Smart validation = less risk.
2) Finding your TRUE market size:
Justin didn't rely on gut feeling. He went where his potential customers hung out:
• Paleo forums
• CrossFit communities
• Reddit threads
• Mark's Daily Apple
He found FANATIC engagement around bone broth recipes, sourcing, and benefits
3) The Google Trends hack
Justin checked macro trends to confirm his micro observations.
He wasn't looking to build a 9-figure business at 24 - just wanted to make $10K/month with his brother.
Simple math: A few thousand customers spending a few hundred dollars a year = viable business.

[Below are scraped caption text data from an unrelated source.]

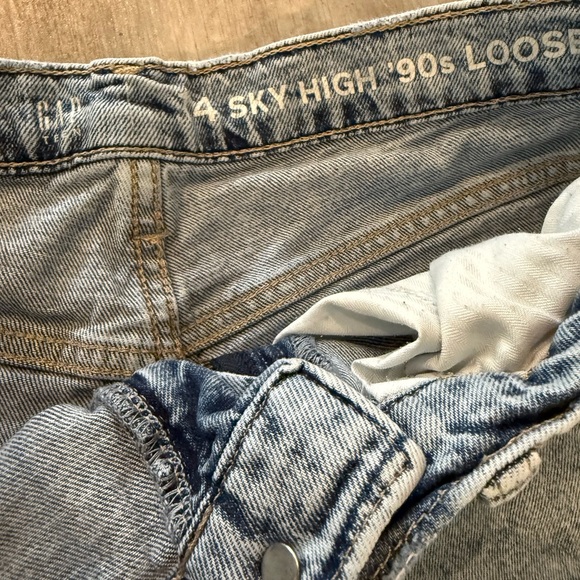 GAP Sky High 90s Loose Jeans Distressed Light Wash High Rise - Picture 4 of 4
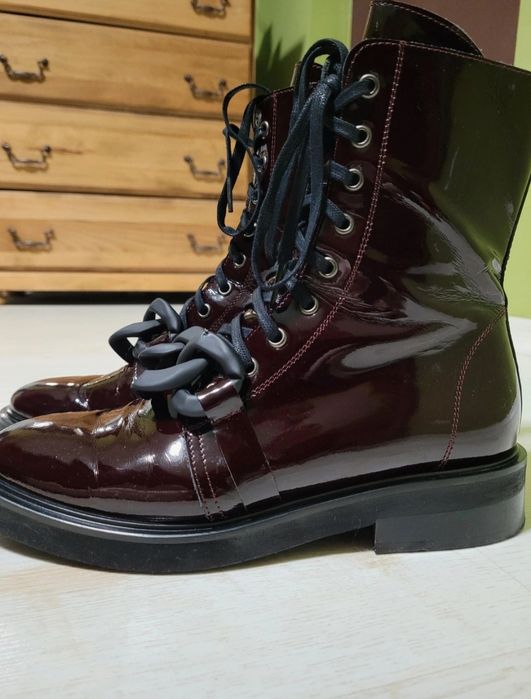 Botine lăcuite Rage Age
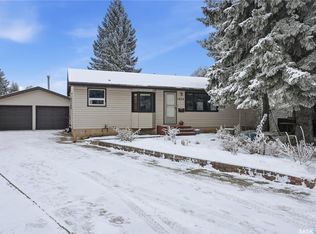 1634 Bader CRESCENT, Saskatoon, SK S7M 3V3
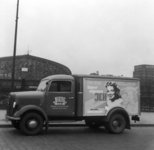LKW mit Werbung für das Esplanade-Theater um 1950
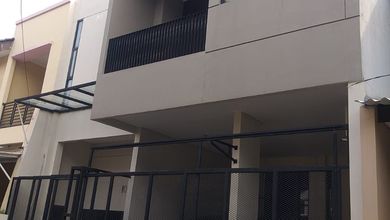 Rumah Area Luxury Rawamangun, Jakarta Timur - Harga Menarik 3,99 Miliar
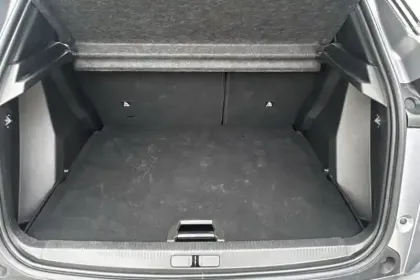 Photo 8 Peugeot 2008  PureTech 130 S&S BVM6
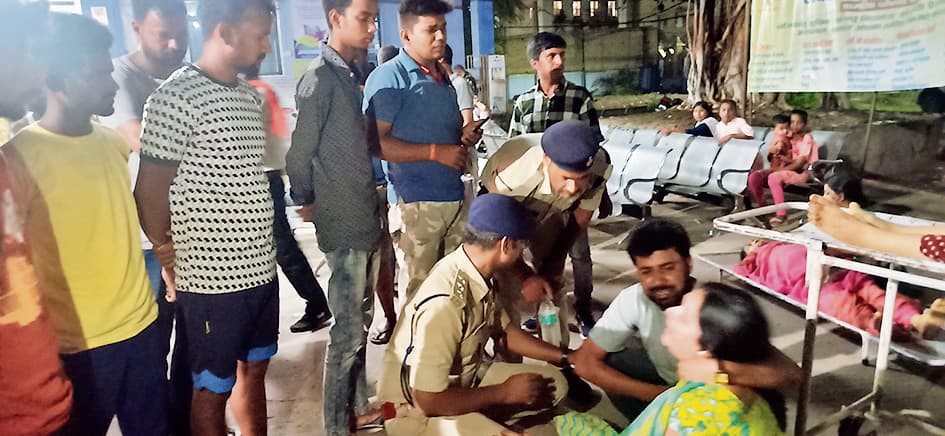 पिकअप व ऑटो की टक्कर में मामी-भांजी की मौत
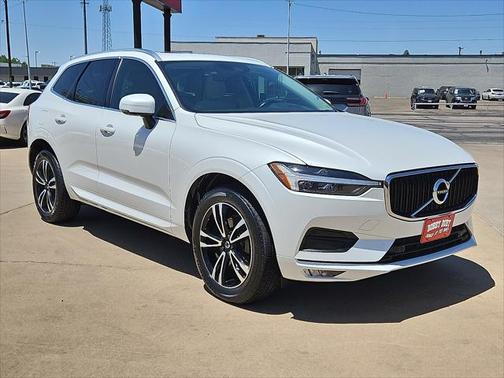 2021 Volvo XC60 T5 Momentum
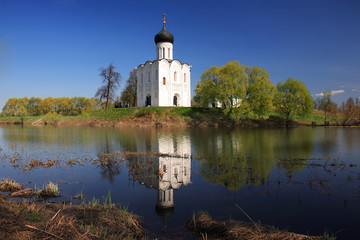 Cover church on Nerli. Russia. 12 centuries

4) The $15 MVP that ACTUALLY validated demand:
• $9.99 domain ([bonebroths.com](http://bonebroths.com/))
• $5 logo from Fiverr
• Basic landing page on Unbounce
No product. No fancy design. Just a simple page highlighting benefits that his target audience cared about:
- Healing leaky gut
- Convenience
- Organic ingredients
5) The GENIUS pricing strategy:
Justin priced at $29.99 for 16oz - 6X MORE than grocery store broth!
His thinking: "If people will pay this much for a product they've never tasted from a sketchy landing page, they REALLY want it."
High price = strong signal of demand.